SOURCE DATA ->

---*---

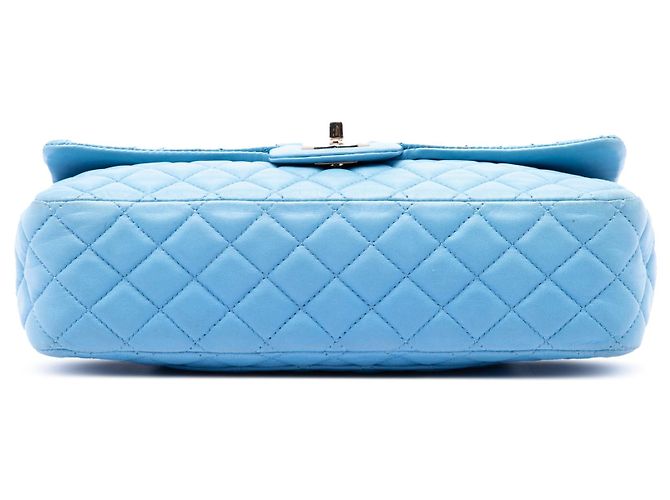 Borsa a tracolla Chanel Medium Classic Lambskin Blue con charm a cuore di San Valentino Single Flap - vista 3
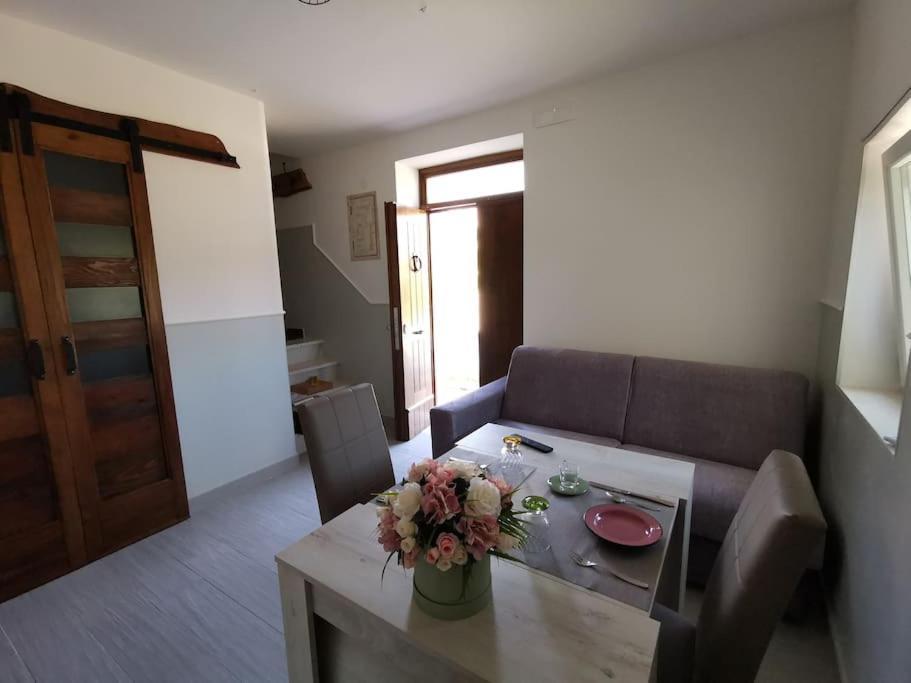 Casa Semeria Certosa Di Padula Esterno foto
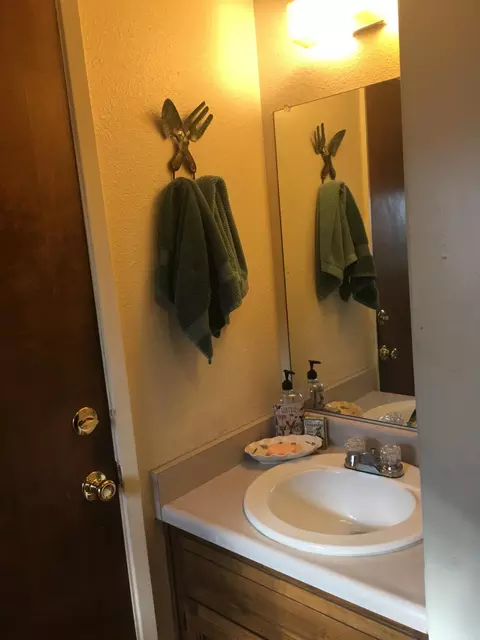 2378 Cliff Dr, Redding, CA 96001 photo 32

---*---

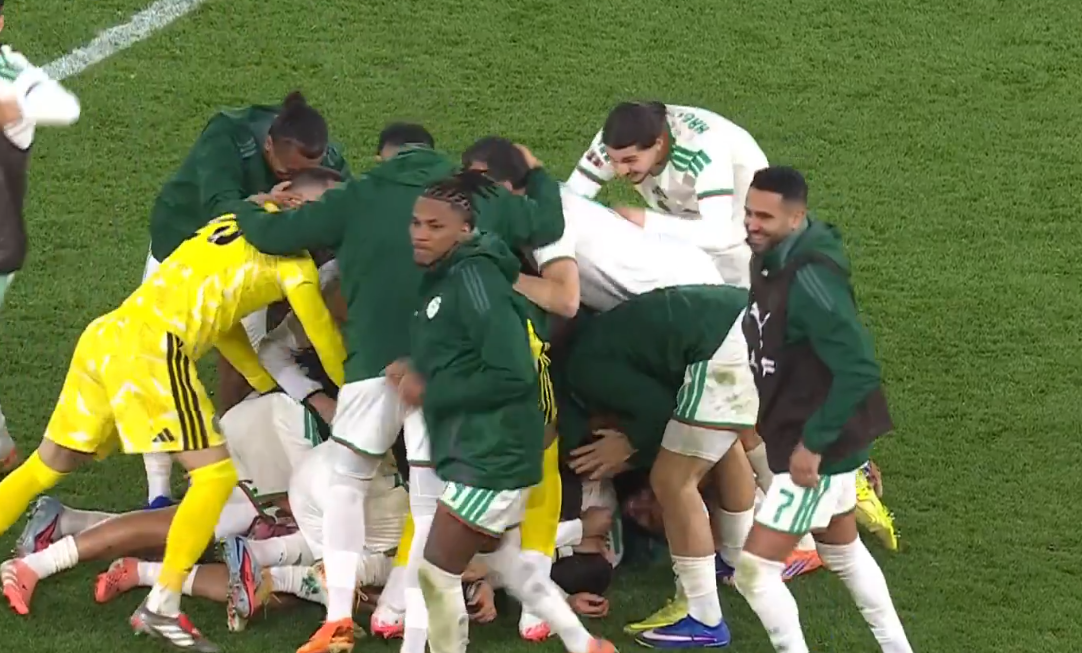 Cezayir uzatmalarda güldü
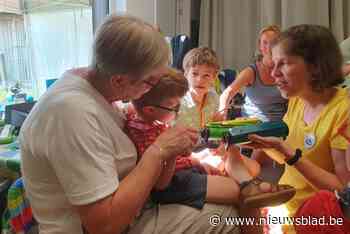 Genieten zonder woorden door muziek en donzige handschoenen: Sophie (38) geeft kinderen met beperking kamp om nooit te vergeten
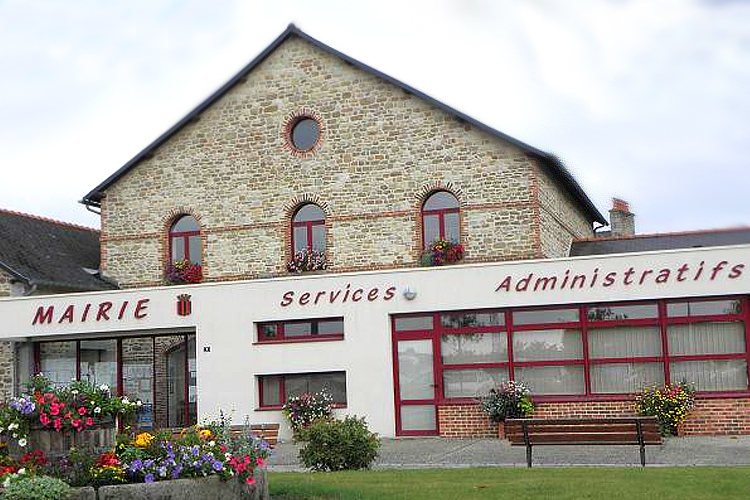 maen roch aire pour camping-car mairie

---*---

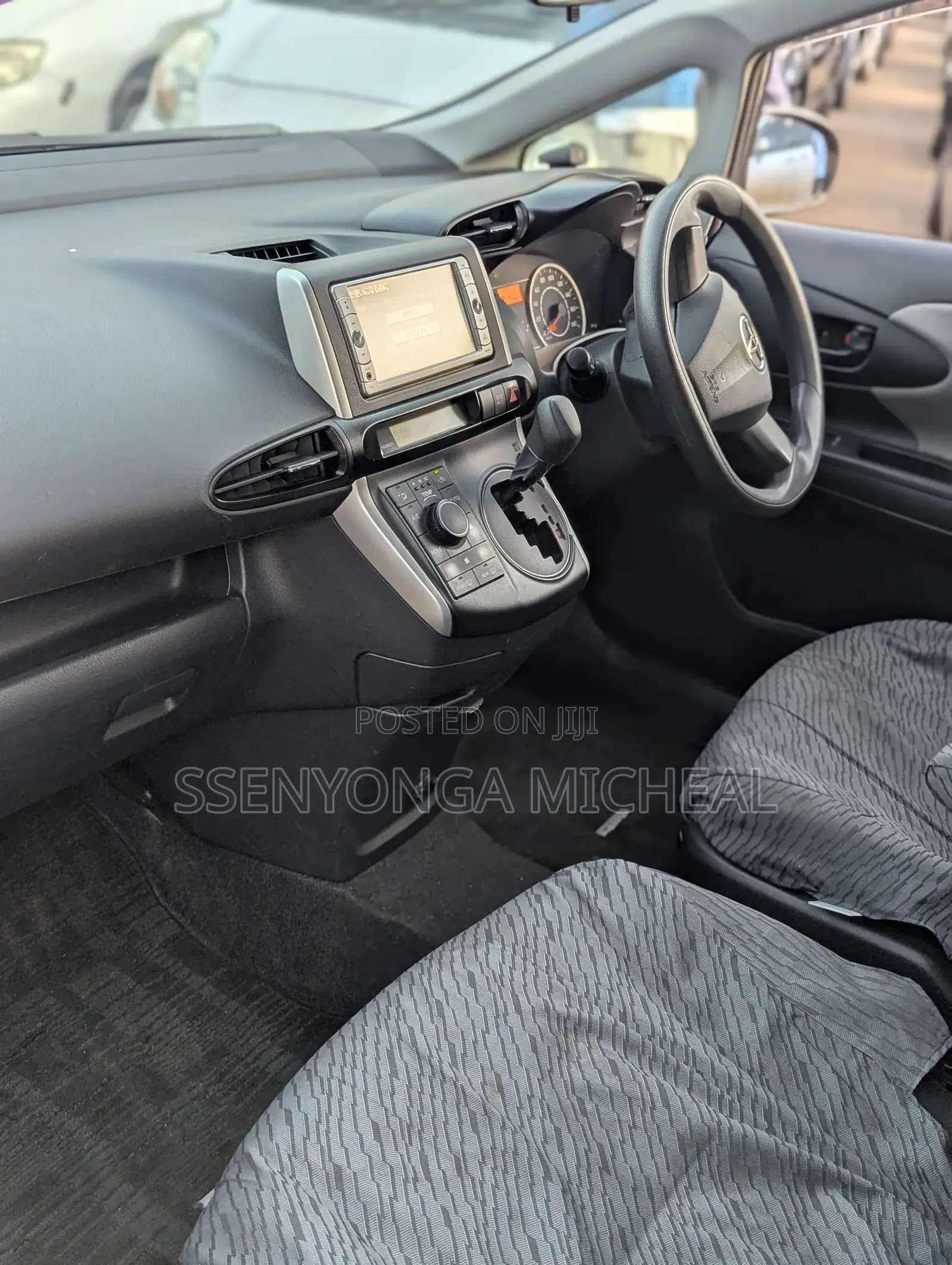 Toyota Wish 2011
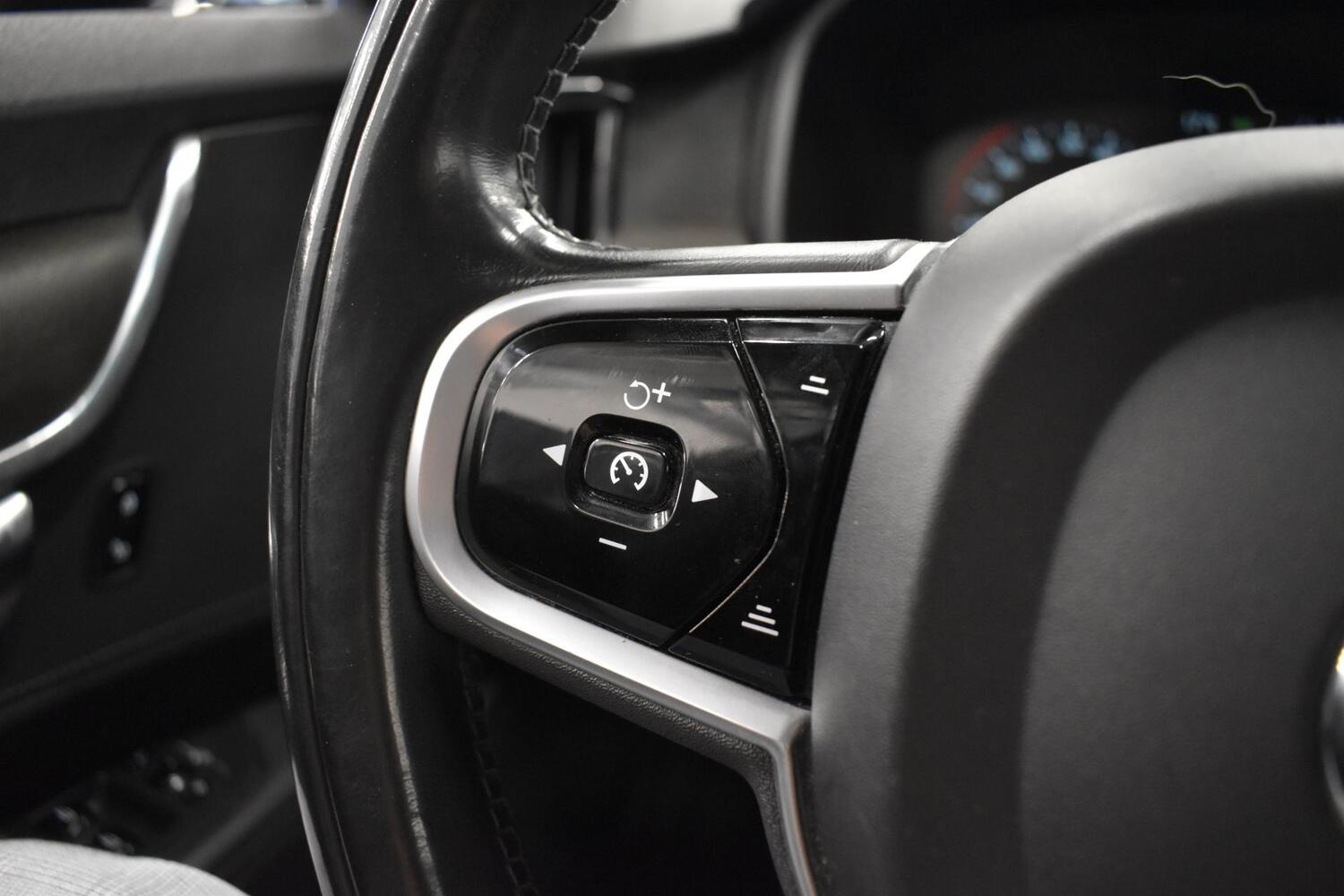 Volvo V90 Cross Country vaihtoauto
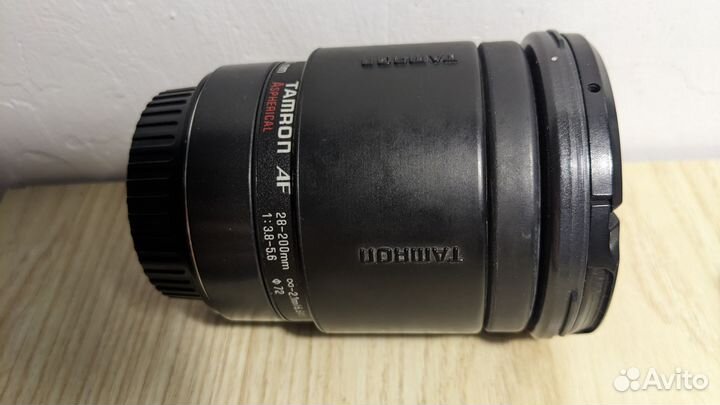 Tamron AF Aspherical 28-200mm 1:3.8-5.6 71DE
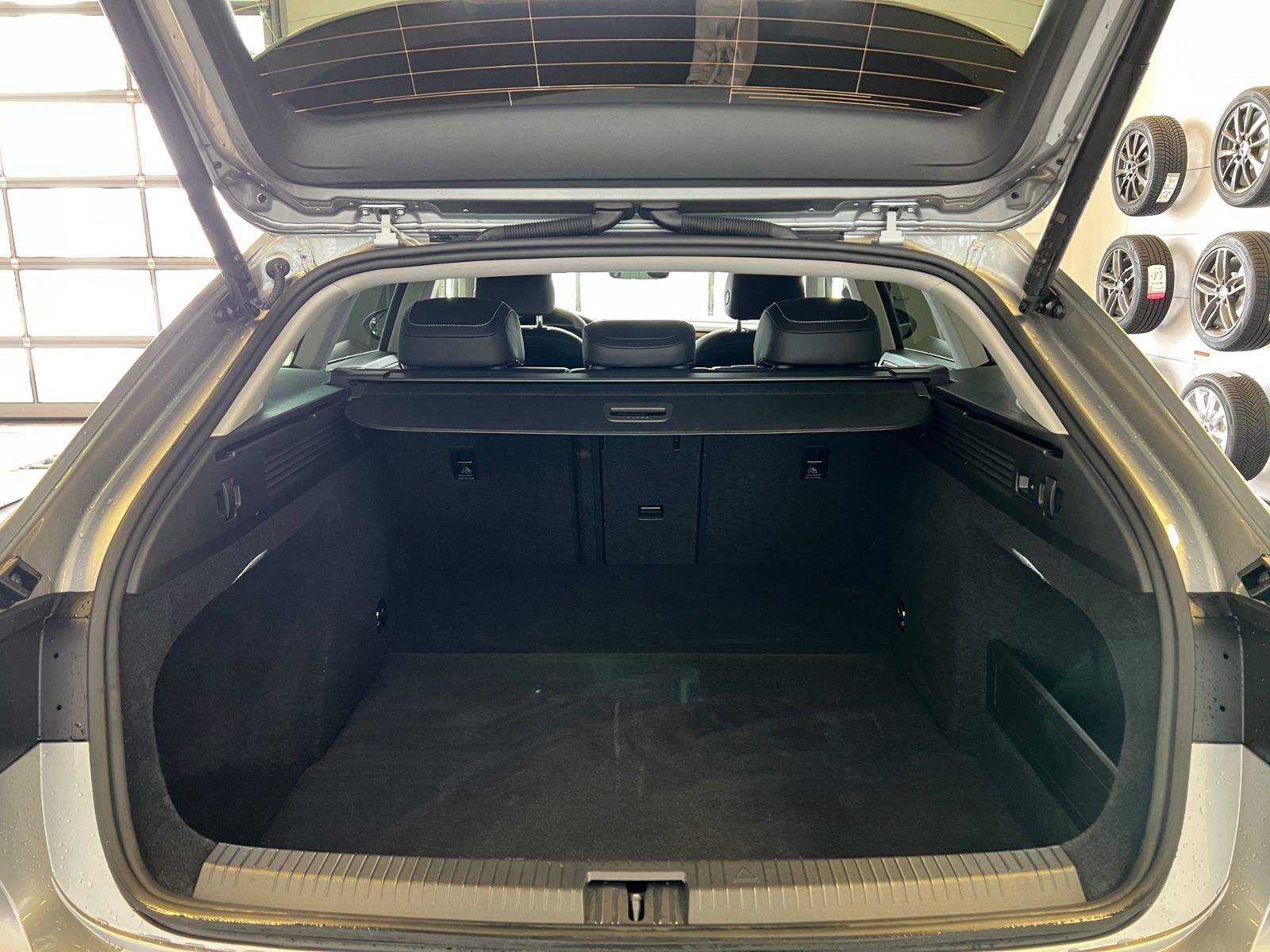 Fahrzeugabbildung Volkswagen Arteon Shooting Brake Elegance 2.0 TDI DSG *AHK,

---*---

TASK DETAILS ->
Look above for the line with "Cezayir uzatmalarda güldü"; quote it and every line after it, stopping after the line with "maen roch aire pour camping-car mairie", exactly, with nothing added and without pictures.

EXPECTED ANSWER ->
 Cezayir uzatmalarda güldü
 Genieten zonder woorden door muziek en donzige handschoenen: Sophie (38) geeft kinderen met beperking kamp om nooit te vergeten
 maen roch aire pour camping-car mairie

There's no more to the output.